I did a little reading about how Spanish and Portuguese developed, so I get HOW we got here. I'm just suggesting that UN group looking at coffee machines, room keys, and cash vs. credit take a look at singling up on an Iberian language. Don't even get me started on the other languages in Spain.
App Alert
I want to make sure readers are aware of a really super app for tracking expenses within a group, like the six people I am traveling with. It is called Tricount, and it is essentially a spreadsheet running behind a really intuitive HMI. You enter your group, when someone in the group takes on a group expense, it is logged (with all who participated accounted for) and divided up. Each person's running total is kept, and the app has suggested reimbursements that make each individual whole. In my mind I was conjuring such a thing about a month ago, and wouldn't you know, it already exists
Home
We left for the airport 16 days ago, which represents the longest I've been away since making Easton MD my home some 18 years ago. The trip has been incredible; I've seen amazing things and eaten wonderful things, in company with my bestest travel buddy and latterly with very good friends.

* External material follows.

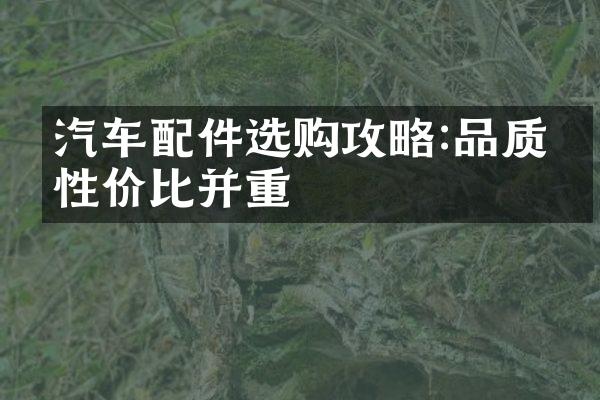 汽车配件选购攻略:品质与性价比并重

But I miss home. I always do. I know we shouldn't put any stock in astrology, but go look up what it says about Cancers…I am one to a “T". I start to get antsy about being away from home after two or three days. Up until a few months ago, I spent four days a month in California for 11 years and for the last five years or so, each trip took a little more out of me.
Catherine and I talk a lot about extended travel in the future, a month plus. I think the key to success in something like that for me will be for us to find a place and hunker down. Create a new “home" for a spell. I think about how dreadful it must be to go from place to place living out of a suitcase/backpack for months at a time. Hell, living out of a suitcase for 16 days hasn't been a picnic.
Catherine has created an idyllic life for us on the Eastern Shore, or more to the point, she created a life into which I was invited. I love travel, but there is a gravitational attraction to that place that requires increasingly more energy to overcome as time goes by. I've already carved out a “no travel zone" for ten weeks starting in mid June, a time where I'm going to try and live some of the summer life on the water than I see around me, but that I've participated in only sparingly. I need to golf more. I need to paddleboard, in no small measure to work on my balance. I need to eat crabs, often. I need to go to minor league baseball games. I need to let my friends take me sailing, so that over time, I might actually know what I'm doing on a sailboat.
I live in a summer paradise, but I have been lazy about being a part of it. I don't think that will happen this summer.